Ebitda dropped 2.2 percent compared to 2022.
The company’s total revenues as at December 31, 2023 amounted to 919.6 million euros, down 5.2 percent year-on-year.
The company forecasts a 2024 PAT of 260–270 million euros, Ebitda of 750–760 million euros, and a net debt in the vicinity of 3.4 billion euros.
Spanish gas demand down
Enagas previously said that total natural gas consumption in Spain last year amounted to 325.4 TWh, a decrease of 10.7 percent compared to the previous year, which is due to lower demand for electricity.
The company’s data showed that total natural gas imports fell to 397.8 TWh in 2023 from 442.9 TWh in the year before, while LNG imports reached some 272 TWh, down from some 318 TWh in 2022.

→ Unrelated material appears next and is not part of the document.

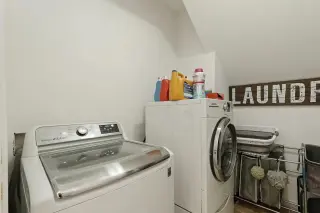 Propiedad en alquiler con 6 habitaciones y 3 baños en Antioch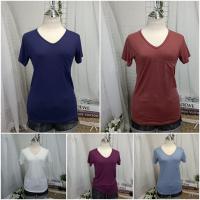 ราคา (B909) เสื้อยืดคอวี ผ้าเรย่อน มีกระเป๋าหน้า อก 30-36 นิ้วผ้ายืด ใส่สบาย ผู้หญิง (24086635153)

In 2023, Spain led the world’s non-producers in LNG re-exports with 22.1 TWh, Enagas previously said.
The firm said on Tuesday that it was the world’s largest bunkering operator in 2022, with 157 ship refueling operations carried out during the year, 26 percent more than in 2022.
“Spanish regasification plants received natural gas from 17 different countries last year, and interest in contracting long-term LNG storage services remains high,” Enagas said.
Total demand, including exports, fell by 7.3 percent in 2023, largely due to a 30.7 percent reduction in gas demand for power generation after recording the highest level since 2010 in 2022, Enagas said.